» WHAT IS REQUIRED
Set down exactly the lines from the first line of the records through the line that contains "离婚协议需要哪些东西(离婚协议需要哪些东西才有效)", and leave every picture out.

» Web page caption snippets
######

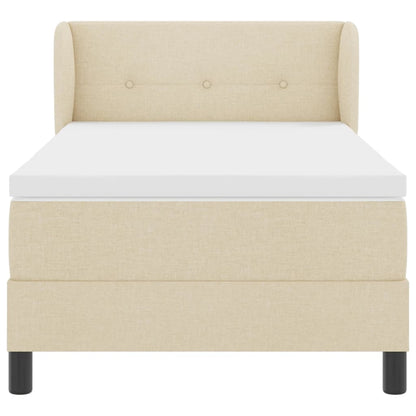 Boxmadras Med Topmadras Med Madras Creme 90 X 190 Cm Stof - Billede 8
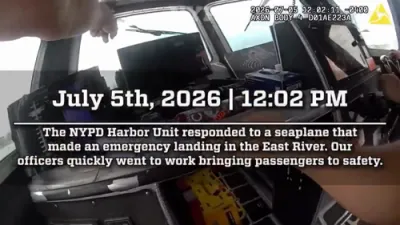 All 8 Alive: NYPD Harbor Unit and FDNY Race Into the East River to Rescue Seaplane Crash Survivors.
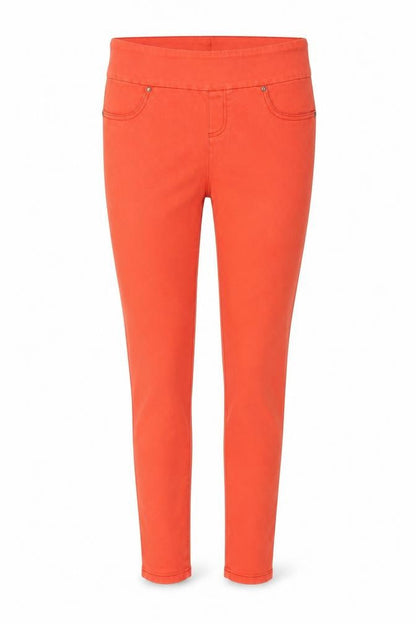 Womens Orange Polyester Jegging Jeans Size 34 in L28 in Regular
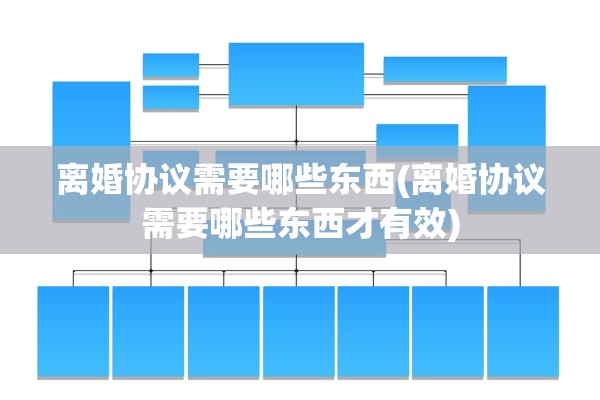 离婚协议需要哪些东西(离婚协议需要哪些东西才有效)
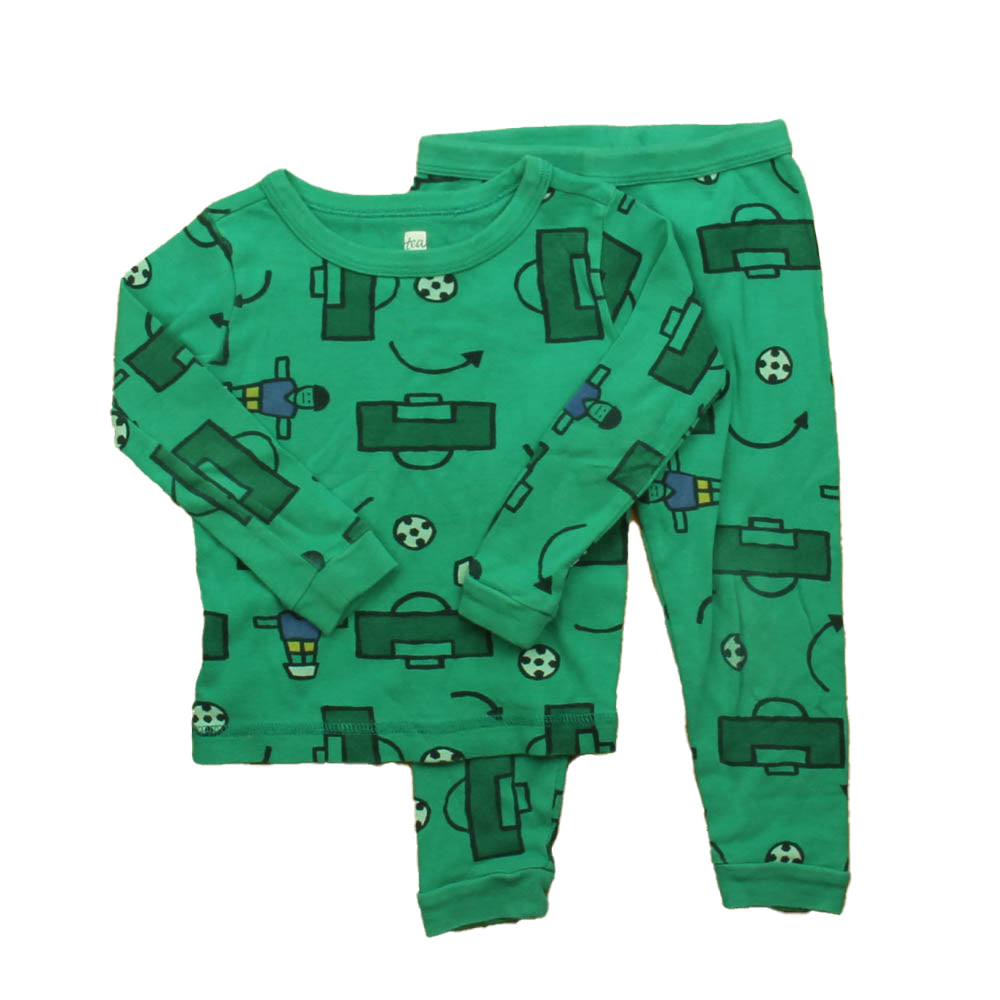Tea Boys Green Soccer 2-piece Pajamas Size: 2T Green Soccer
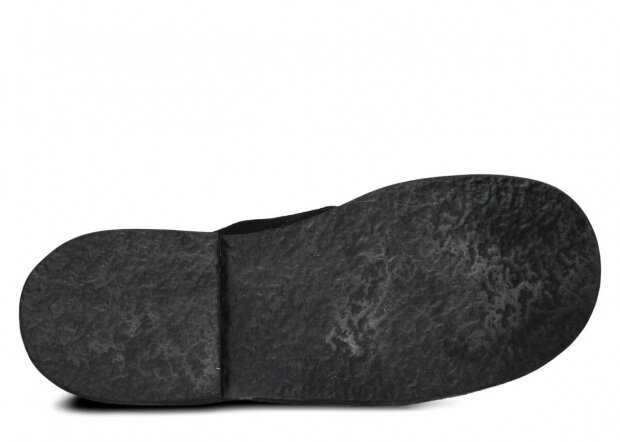 Pánske topánky NAGABA 075 čierna velúrové koža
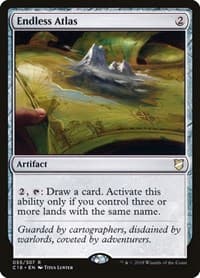 Endless Atlas - Commander 2018 - Magic: The Gathering card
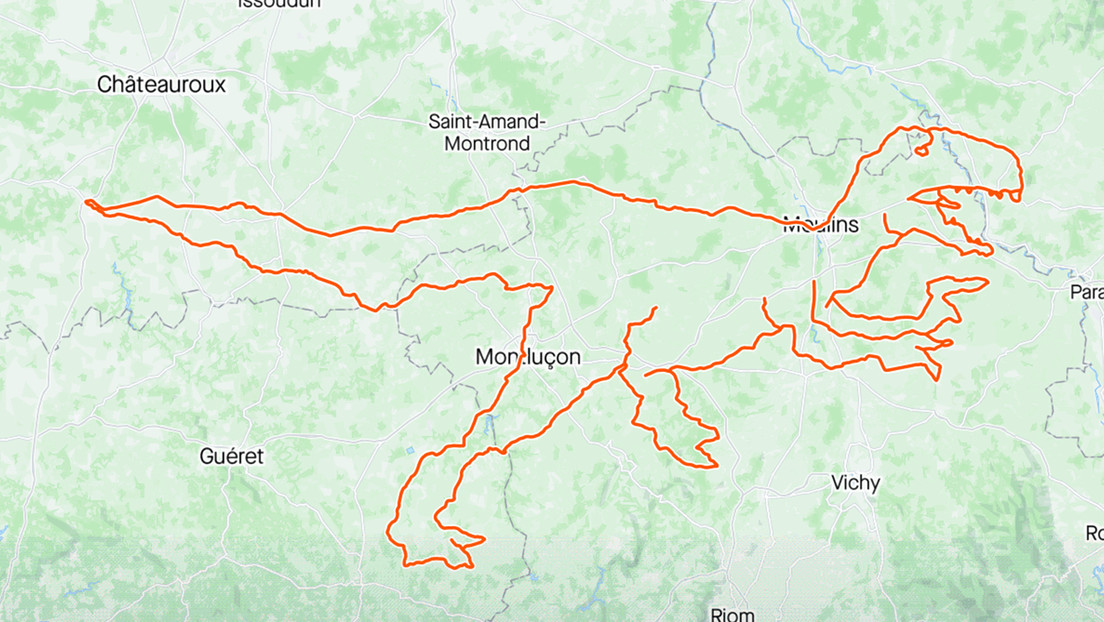 La mayor imagen GPS con forma de dinosaurio aparece en Francia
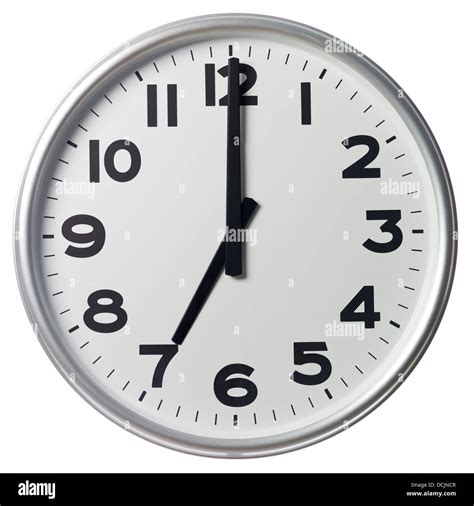 Seven Oclock Cut Out Stock Images And Pictures Alamy
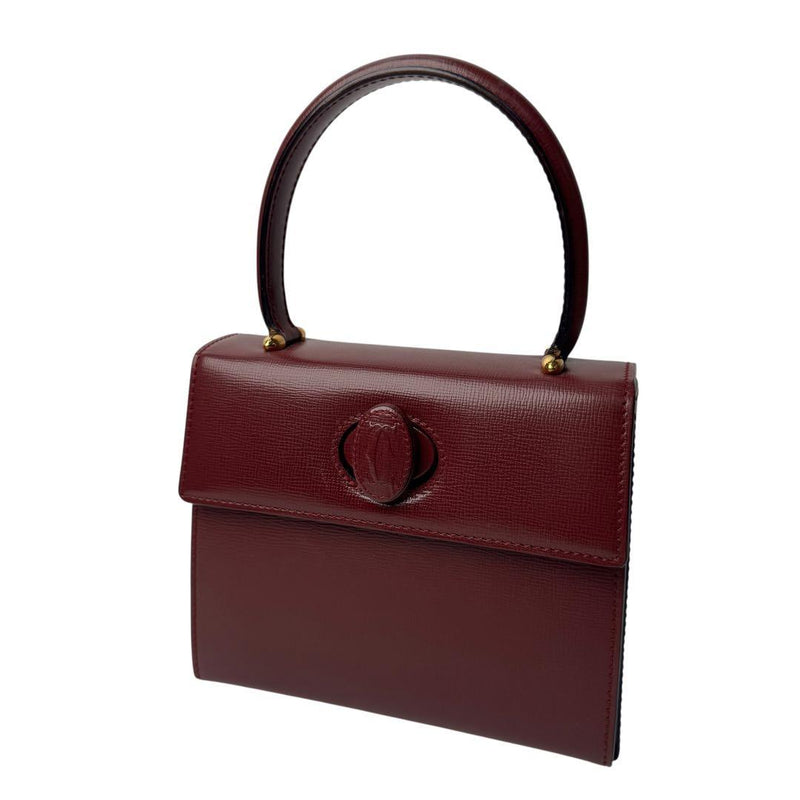 Cartier Must Line Turnlock Mini Handbag Shoulder Bag Bordeaux Leather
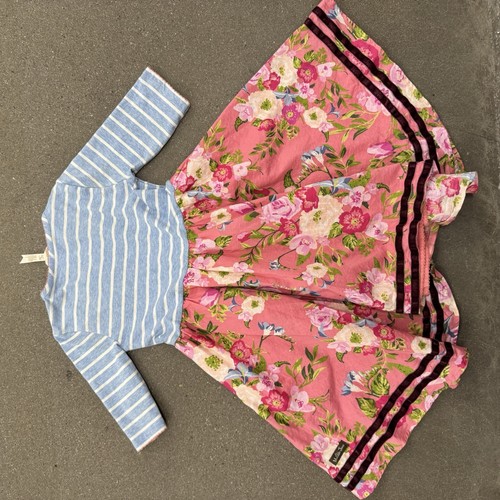 Matilda Jane Enchanted Garden Double the Color Textured Dress Size 8 - Picture 5 of 7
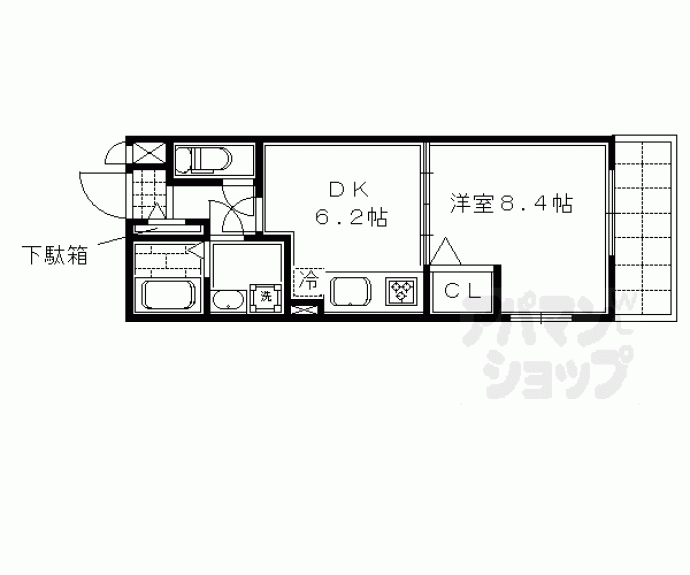 【エスポワール　仁】間取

######

» EXERCISE OUTPUT
 Boxmadras Med Topmadras Med Madras Creme 90 X 190 Cm Stof - Billede 8
 All 8 Alive: NYPD Harbor Unit and FDNY Race Into the East River to Rescue Seaplane Crash Survivors.
 Womens Orange Polyester Jegging Jeans Size 34 in L28 in Regular
 离婚协议需要哪些东西(离婚协议需要哪些东西才有效)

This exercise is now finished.